What you will do: Only the pictures should be dropped; every line of the data must come back exactly as written.

Data:
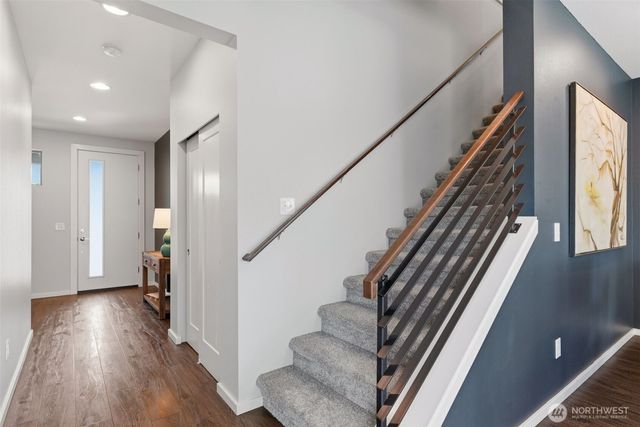 16031 SE 252nd Place, Covington, WA 98042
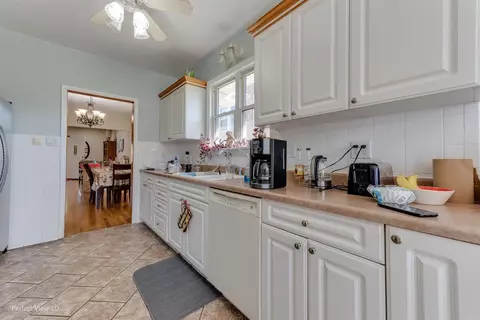 920 119th St, Whiting, IN 46394 photo 10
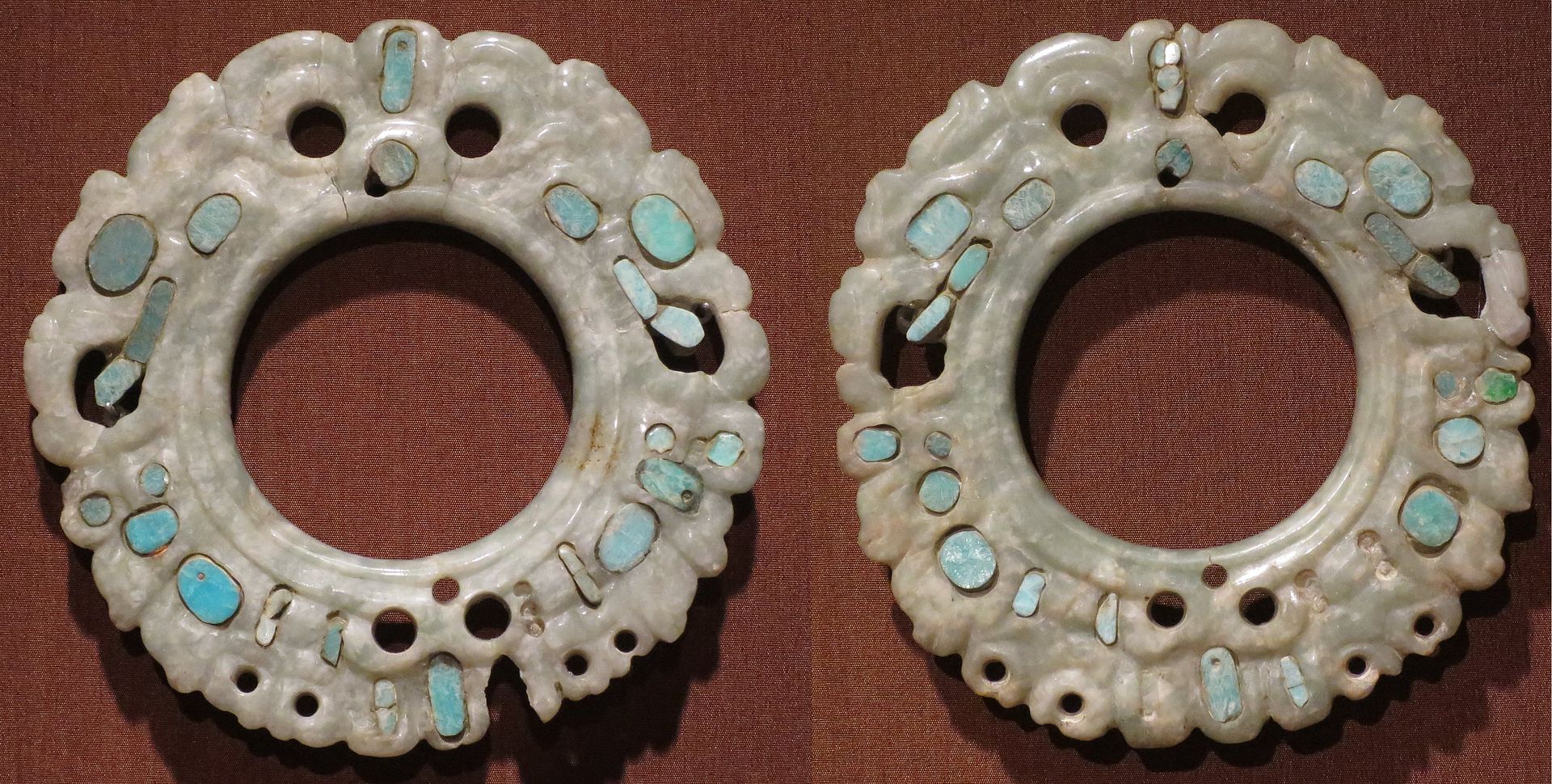 Maya_disks,_Mexico,_c._550-950_C.E.,_jade_inset.jpg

Exercise answer:
 16031 SE 252nd Place, Covington, WA 98042
 920 119th St, Whiting, IN 46394 photo 10
 Maya_disks,_Mexico,_c._550-950_C.E.,_jade_inset.jpg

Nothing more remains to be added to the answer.